The function below returns the support metric for a given itemset, passed into the function as either a pandas.DataFrame object or a pandas.Series object (when we have data for a single feature - the transaction history regarding a single product)

In [4]:
def support(itemset_data):
    support = 0
    if(isinstance(itemset_data, pd.DataFrame)):
        support_counter = 0
        number_of_transactions = itemset_data.shape[0]
        column_list = list(itemset_data.columns)
        for index, row in itemset_data.iterrows():
            occurs = True
            for i in range (len(column_list)):
                if row[column_list[i]] == 0:
                    occurs = False
                    break
            if (occurs):
                support_counter+=1
        support = support_counter / number_of_transactions
    elif(isinstance(itemset_data, pd.Series)):
        number_of_transactions = itemset_data.count()
        support_counter = itemset_data.sum()
        support = support_counter / number_of_transactions
    return support

However, the Apriori algorithm only checks if the support of a given itemset exceeds a certain threshold. It does not require the computation of exact metric value. Hence, the following function breaks the loop iterating over all transactions if the minimum number of occurences is attained.

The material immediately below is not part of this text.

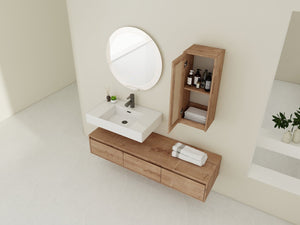 English Elm 60 Inch Wall-Mounted Bathroom Vanity Set With Resin Sink, Soft-Close Drawers & Side Cabinet Storage W999S00357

This way, the computational load is less, whilst performing the requirements.

In [24]:
def exceedsMinSup(itemset_data, minSup):
    exceeds = False
    support = 0
    if(isinstance(itemset_data, pd.DataFrame)):
        support_counter = 0
        minSupAbsoluteValue = math.ceil(itemset_data.shape[0] * minSup)
        column_list = list(itemset_data.columns)
        for index, row in itemset_data.iterrows():
            occurs = True
            for i in range (len(column_list)):
                if row[column_list[i]] == 0:
                    occurs = False
                    break
            if (occurs):
                support_counter+=1
            if support_counter >= minSupAbsoluteValue:
                exceeds = True
                break
    elif(isinstance(itemset_data, pd.Series)):
        support_counter = itemset_data.sum()
        minSupAbsoluteValue = math.ceil(itemset_data.count() * minSup)
        if(support_counter >= minSupAbsoluteValue):
            exceeds = True
    return exceeds

As we ultimately need to view the frequent itemsets on each layer, we chose to structure the data as follows: we created a dictionary with the keys representing the layers (the number of elements/products in a single itemset) and the values being lists of sets. Thus, we have added a helper function which converts a set of items (in our case, strings) to a list of sets. This is particularly useful when creating the first layer out of the column names.

In [6]:
def listOfSets(setOfItems):
    listOfSets = None
    if(isinstance(setOfItems, set)):
        listOfSets = list()
        for item in setOfItems:
            listItem = {item}
            listOfSets.append(listItem)
    return listOfSets

The following function prunes the candidate itemsets after evaluating their support. If they exceed the minimum value passed as a parameter, then the itemset will go into L (the final frequent itemsets collection)

In [7]:
def CtoL(C, L, df, layer, minSup):
    for itemset in C[layer]:
        itemset_list = list(itemset)
        if(exceedsMinSup(df.loc[:, itemset_list], minSup)):
            L[layer].append(itemset)
    return L[layer]

This is the function which returns the collection of frequent itemsets, represented by a dictionary.

In [25]:
def frequent_itemsets(df, minSup):
    C = {}
    C[1] = listOfSets(set(df.columns))
    L = {}
    L[1] = list()
    L[1] = CtoL(C, L, df, 1, minSup)
    for layer in range(2, df.shape[1] + 1):
        C[layer] = list()
        L[layer] = list()
        for p in L[layer - 1]:
            for q in L[layer - 1]:
                if p != q:
                    counter = 0
                    p_list = list(p)
                    q_list = list(q)
                    for i in range(len(p_list)):
                        if (i != len(p_list) - 1): # we only check the last element, as the set orders the elemnts automatically
                            if p_list[i] == q_list[i]:
                                counter += 1
                    if counter == layer - 2: # we now compute C[2], we look at L[1], counter need to be = 0
                        next_p = set.union(p, q)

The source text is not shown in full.